“There are starving children in Ethiopia.”
I was told this regularly as a child when I didn’t like the food I was served.
I’m sure people’s shaming country varied (children are, sadly, starving all over the world), but this is a familiar refrain to many of us.
The Kid eats reasonably well and also has his share of complaining about what’s for dinner.
I don’t shame him with meaningless reminders of hungry children overseas.
Yes, those children would like food, but what does that have to do with this meal? It’s not like our family had to decide if we were going to feed ourselves or feed those children, we decided to feed ourselves, and as a result, those children are dying.
Honestly, dinner time isn’t the best to get into the global politics behind this problem. Nine might not be the ideal age, either.
Did anyone who received these dinner time foreign political updates suddenly have gratitude for the (over-)abundance of food we have, then eat food they didn’t like with new appreciative eyes?
No, I didn’t either.
Does it work for you now? Didn’t think so.
Tired of the whining? Address the whining.
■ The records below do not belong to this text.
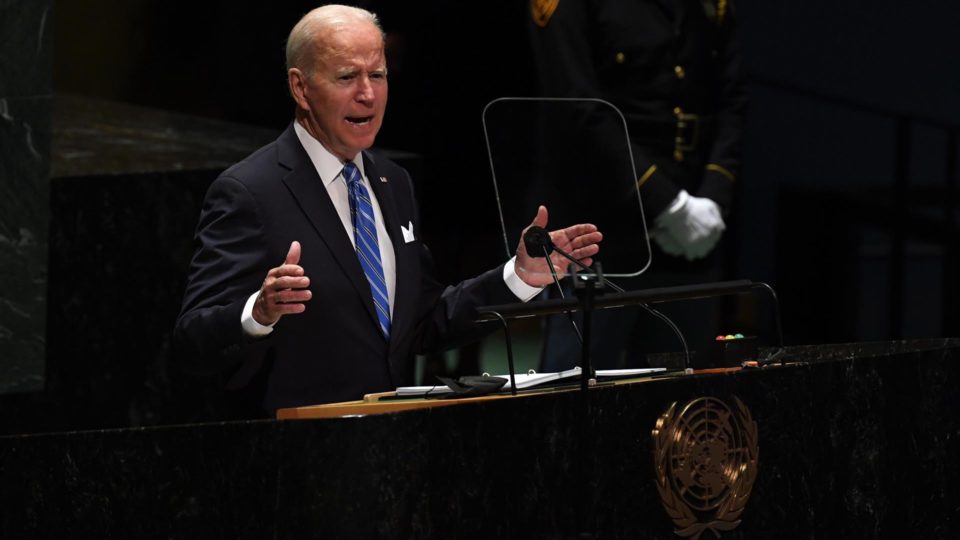 Biden falou para a China, mesmo que sem nomeá-la O presidente dos EUA, Joe Biden, discursa na Assembleia Geral da ONU, em Nova York, 21 de setembro de 2021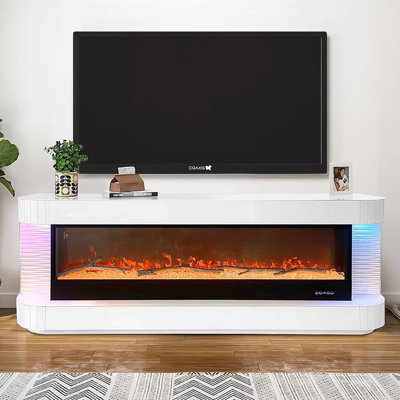 WHITE MIRRORED TV STAND W/HEATED FIREPLACE OF 7 COLOR CHANGING LED LIGHT BLUETOOTH SPEAKER AND WIRELESS CHARGER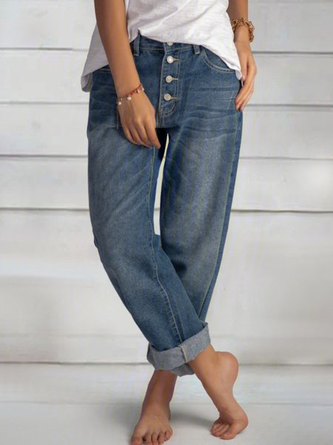 Plus Size Plain Casual Regular Fit Jeans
Genuinely concerned about the disparities in food abundance across the globe? Volunteer together or donate money or find organizations in your community to help local hungry people. Because we don’t need to travel overseas or even out of state to find people without enough to eat.
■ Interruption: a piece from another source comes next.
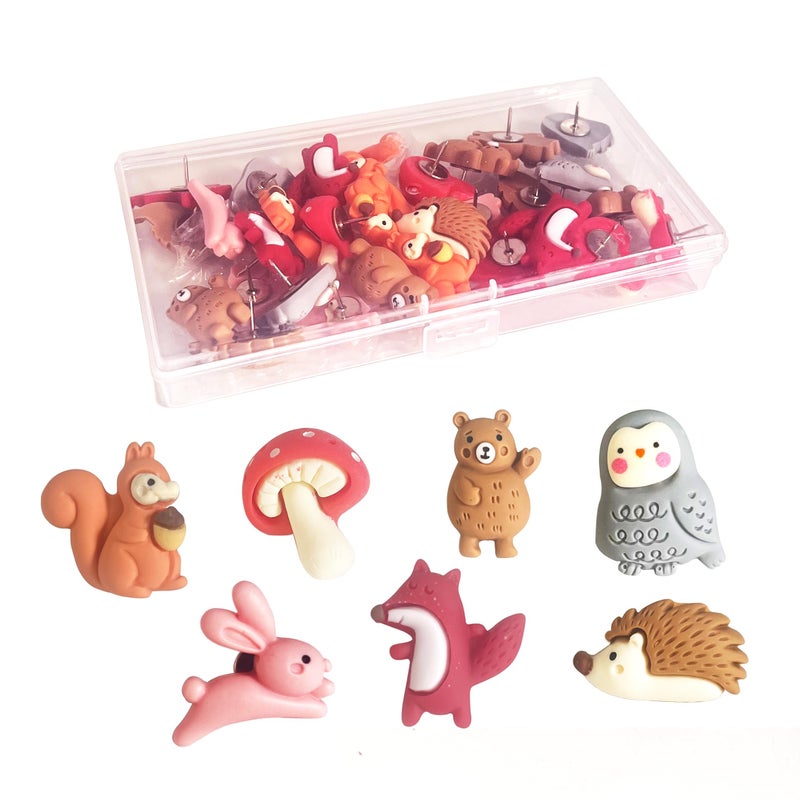 Supfoxer Animal Push Pins (Squirrel,Fox,Hedgehog,Rabbit,Bear,Owl,Mushroom) - Cute Resin Thumb Tacks for Bulletin Board, Cork Board, Office, School - 7 Styles Mixed Pack (30 PCS) - Image 1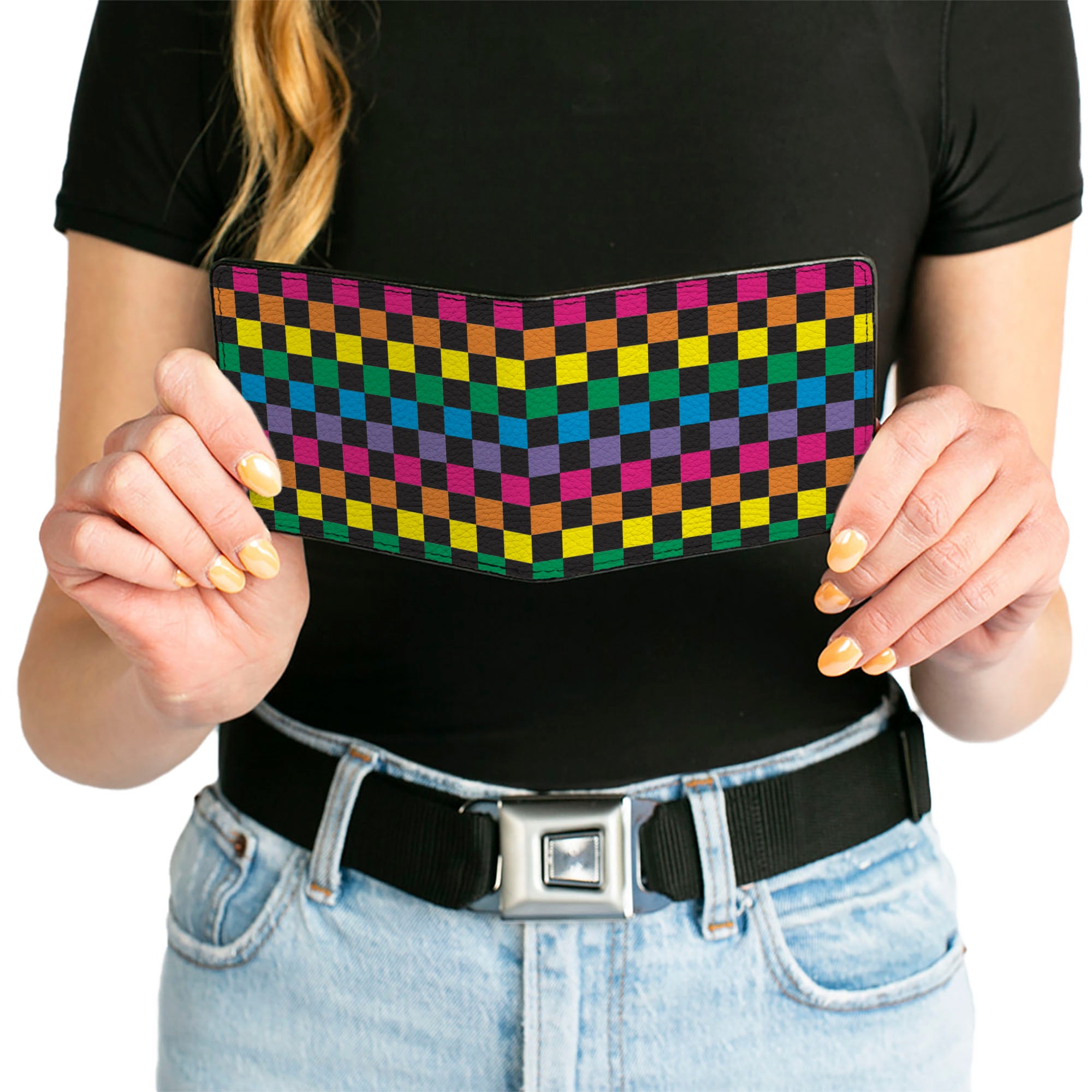 Bi-Fold Wallet - Checker Black Neon Rainbow Bi-Fold Wallets Buckle-Down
Your kid’s meal has nothing to do with it.
In the same vein, I don’t know anyone who prepares meals that they know their spouse doesn’t like, even if it’s their own favorite dish and they haven’t had it in forever.
We certainly wouldn’t intentionally ignore the preferences of a dinner guest.
Sure, a guest is different than a kid, but a kid is a person with valid tastes and preferences, just like you, your spouse, and your guest.
I don’t make him eat what we’re having. Why would I? Because I made it? So I’m going to argue about eating it for half an hour? an hour? with a child who doesn’t like it? Is that really the way that I want to spend my energy? Is that the way I want to cultivate relationship?
No.
Do I make him another meal?
Also no.
He has a standard backup of raw vegetables and hummus, and if there’s something else in the fridge or the pantry that he’d like with that, most of the time, that’s fine. We rarely have food in the house that would not be OK for him to have with dinner, and he’s never asked to have sweets. (He’d eat bread all night if we let him—so would I—but we rarely have bread in the house.)
I have so many negative memories of power plays surrounding meals. This is not how I want to be etched forever in my child’s mind—I will make enough other mistakes without trying.
The Climbing Daddy and I can have whatever it is that I or he has prepared, and The Kid can take it or leave it. And if we don’t like it either, we don’t shame each other into eating it—we either rummage through the fridge with The Kid or order a pizza for everyone.